= Beginning of Section =

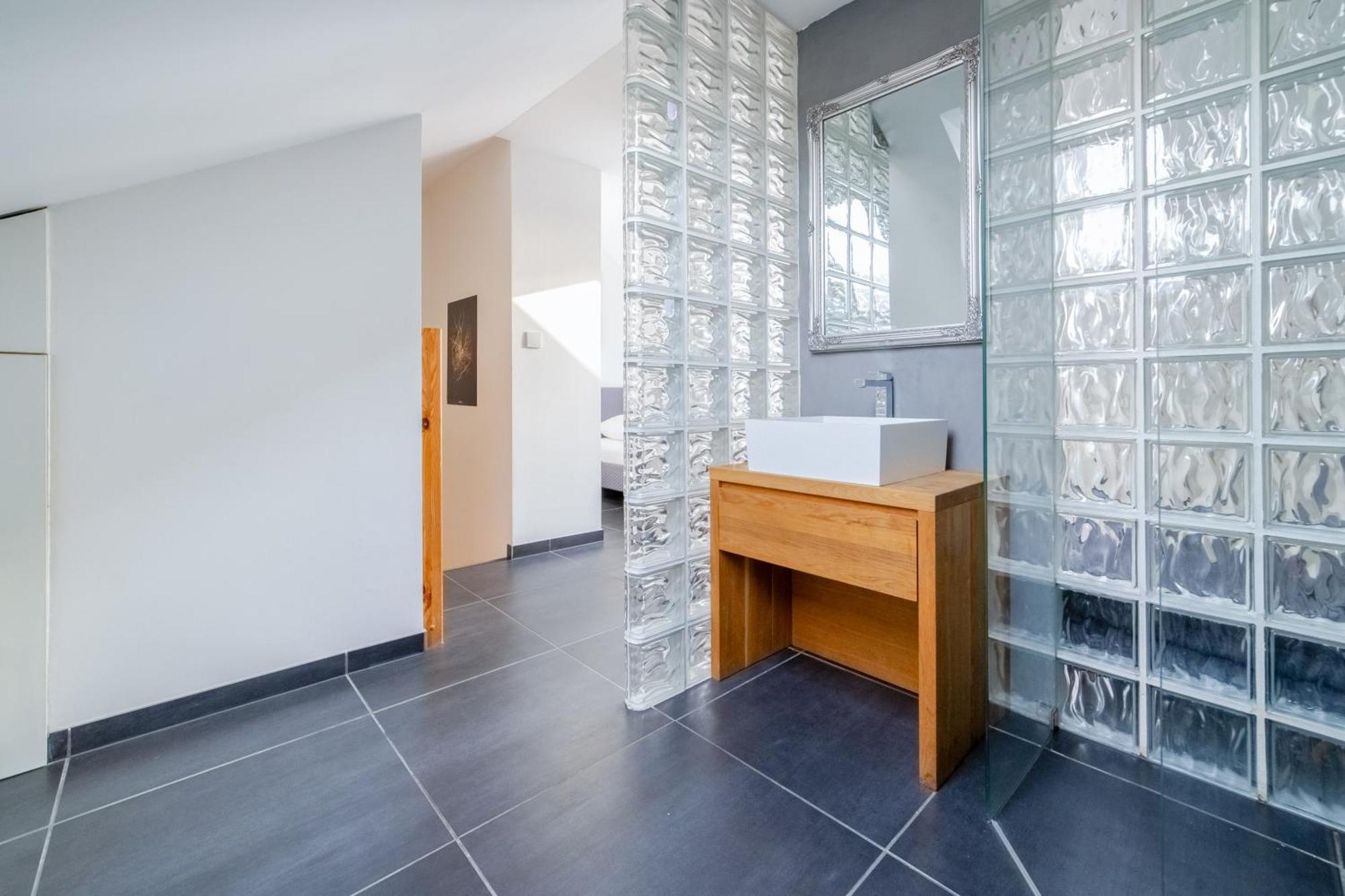 Modaloft Duplex By Rentez ปราก ภายนอก รูปภาพ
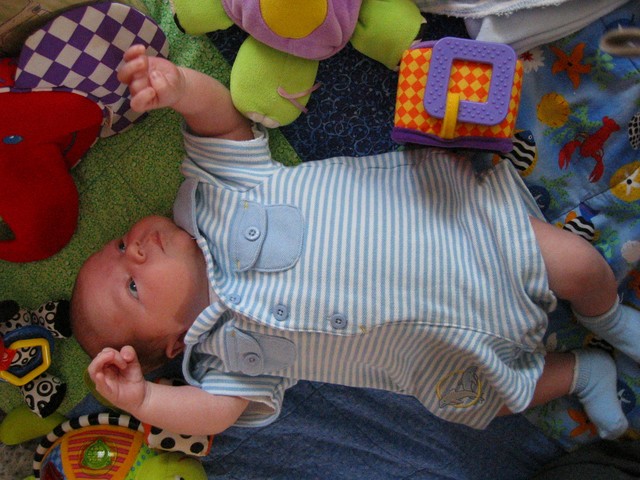 Ethan Nicholas Abad - 2006-04-20, photo 45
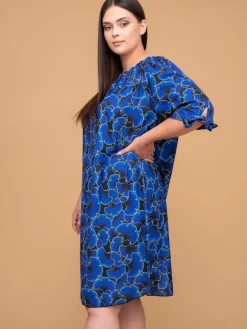 Sukienka VALENCIA Wzór 12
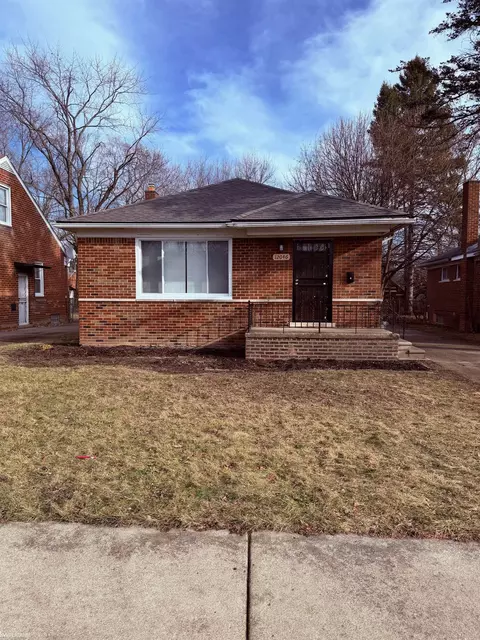 Undisclosed, Detroit, MI 48228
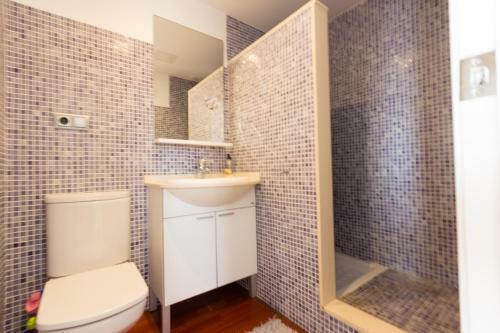 Apartamento Estany Part Sur
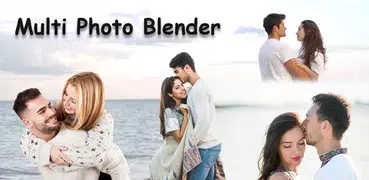 Multiple Photo Blender : Ultimate Photo Mixer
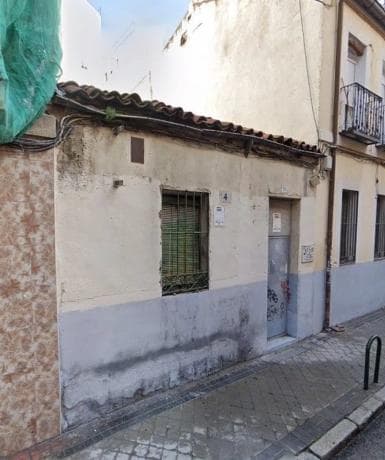 Terreno en calle de Castillejos, 14 thumbnail 1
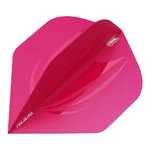 Dart Flights Target ID Pro Ultra Pink No2 – 3-Pack
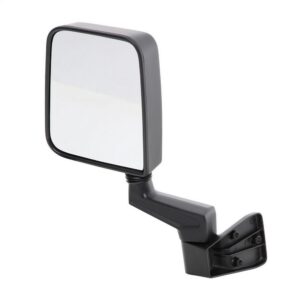 Door Mirror Set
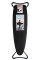Дошка для прасування Rolser K-Surf Black Tube Negro (K07002-1023)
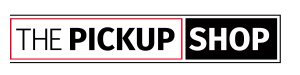 Sponsor Logo for The Pickup Shop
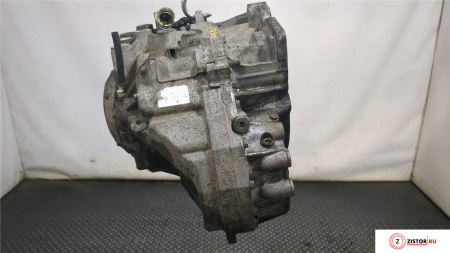 Коробка передач СААБ 9-3 2007-2011 купить - КПП Saab 9-3 цена б/у, Номер 55563134 Z19DTH на Saab 9-3 2007-2011  1.9 л — купить, цена 16700 руб.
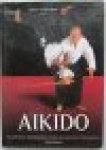 Allemann, Bruce - Aikido. Essentiële informatie over training en technieken.
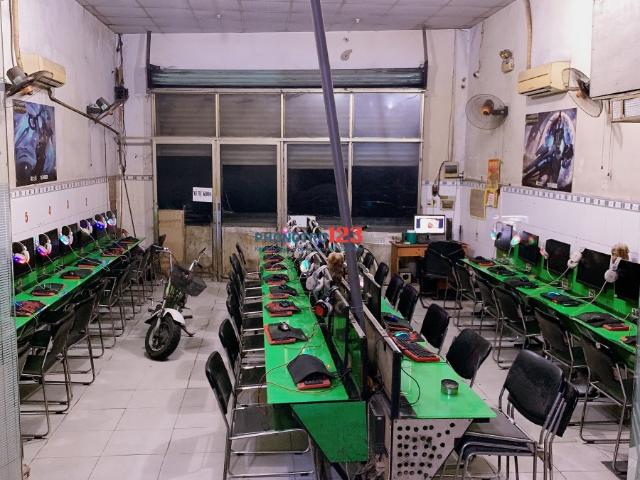 Bất động sản cho thuê tại Hồ Chí Minh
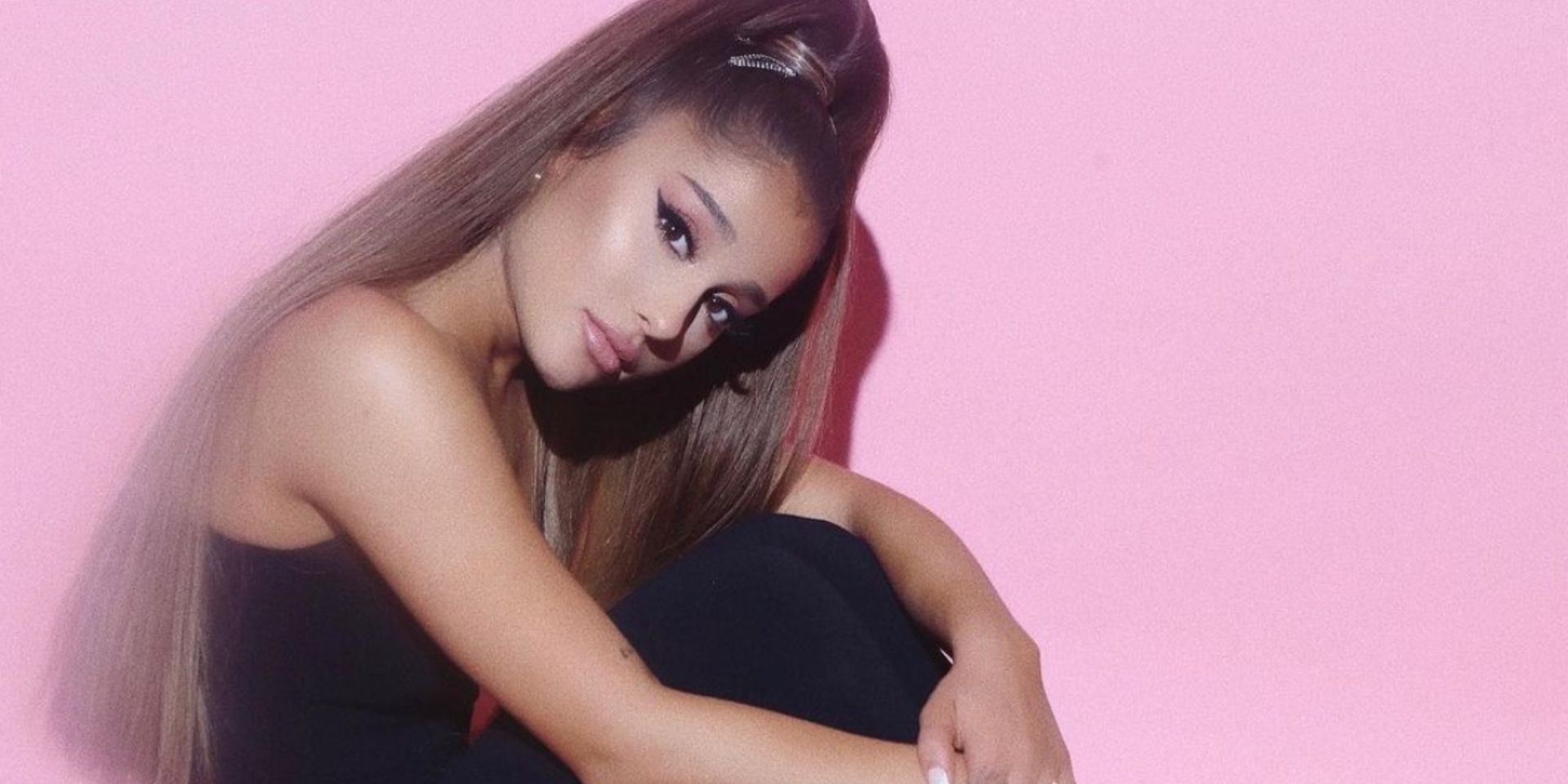 Ariana Grande's concert film 'excuse me, i love you' is here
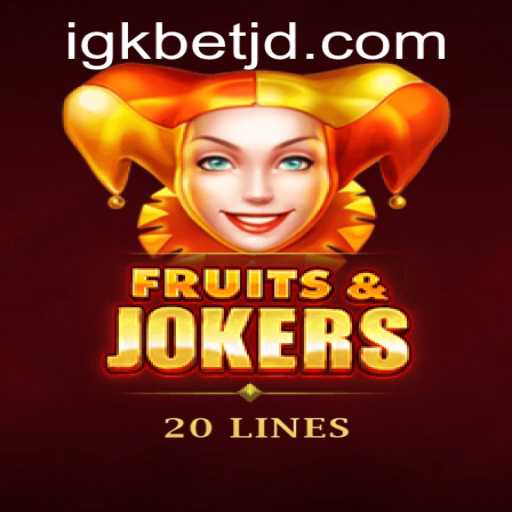 Exploring the Excitement of FruitsAndJokers20: A Guide for IGKBet Enthusiasts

= End of Section =

__WHAT IS EXPECTED__:
Please repeat the lines of the material above exactly, starting with the line that contains "Apartamento Estany Part Sur" and ending with the line that contains "Bất động sản cho thuê tại Hồ Chí Minh". Leave the pictures out.

__YOUR SOLUTION__:
 Apartamento Estany Part Sur
 Multiple Photo Blender : Ultimate Photo Mixer
 Terreno en calle de Castillejos, 14 thumbnail 1
 Dart Flights Target ID Pro Ultra Pink No2 – 3-Pack
 Door Mirror Set
Дошка для прасування Rolser K-Surf Black Tube Negro (K07002-1023)
 Sponsor Logo for The Pickup Shop
 Коробка передач СААБ 9-3 2007-2011 купить - КПП Saab 9-3 цена б/у, Номер 55563134 Z19DTH на Saab 9-3 2007-2011  1.9 л — купить, цена 16700 руб.
 Allemann, Bruce - Aikido. Essentiële informatie over training en technieken.
 Bất động sản cho thuê tại Hồ Chí Minh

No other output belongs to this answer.